### GIVEN MATERIAL
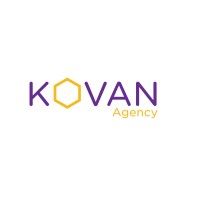 Kovan Agency logo, Kovan Agency contact details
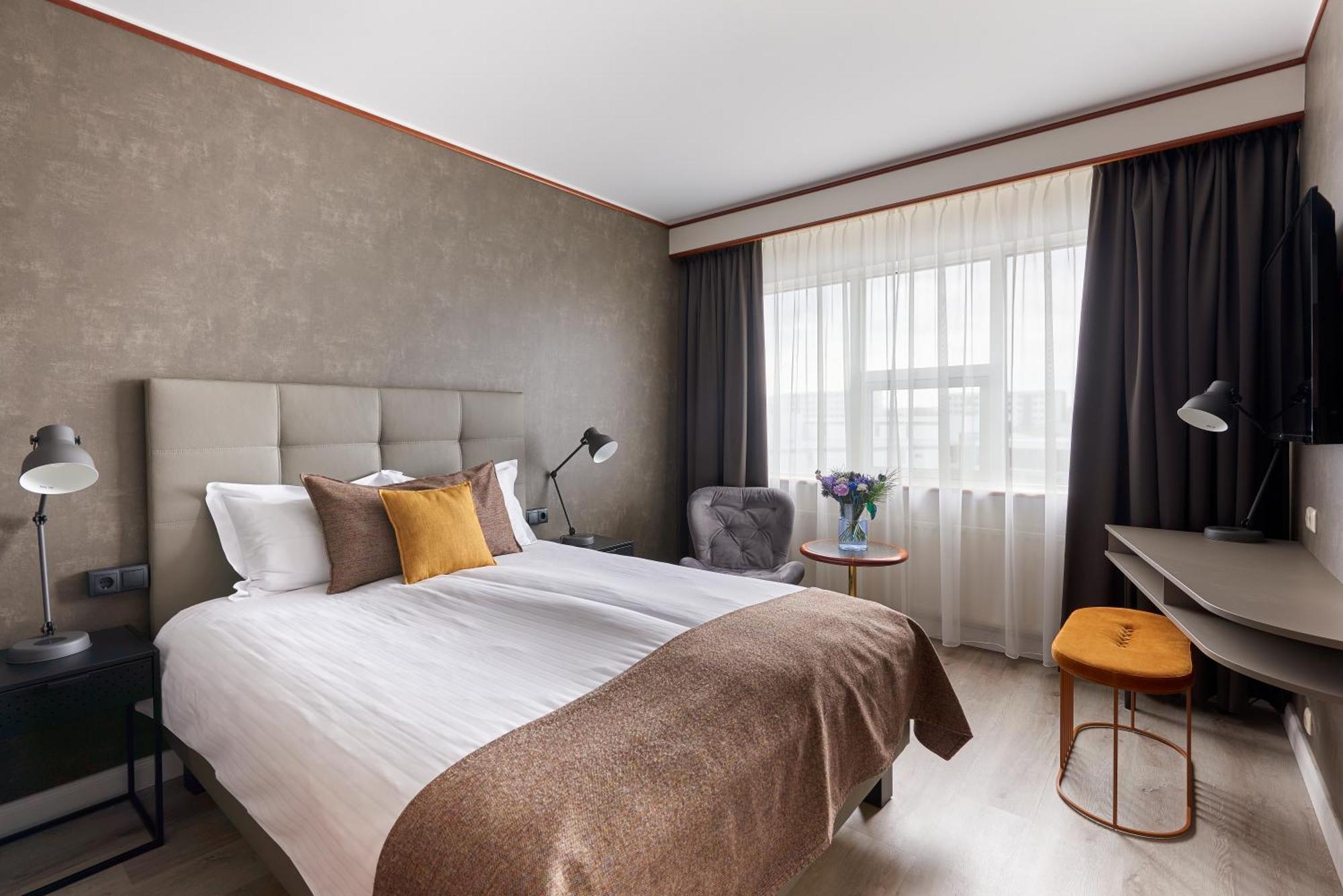 ísland – Spa&wellness 4* Reykjavík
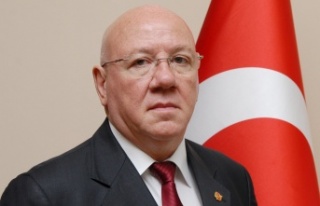 'Medya kuruluşları da KOSGEB desteğinden yararlanmalı'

### GOAL OF THE EXERCISE
The material is to be written out word for word, and the pictures are to be left out.

### TASK RESULT
 Kovan Agency logo, Kovan Agency contact details
 ísland – Spa&wellness 4* Reykjavík
 'Medya kuruluşları da KOSGEB desteğinden yararlanmalı'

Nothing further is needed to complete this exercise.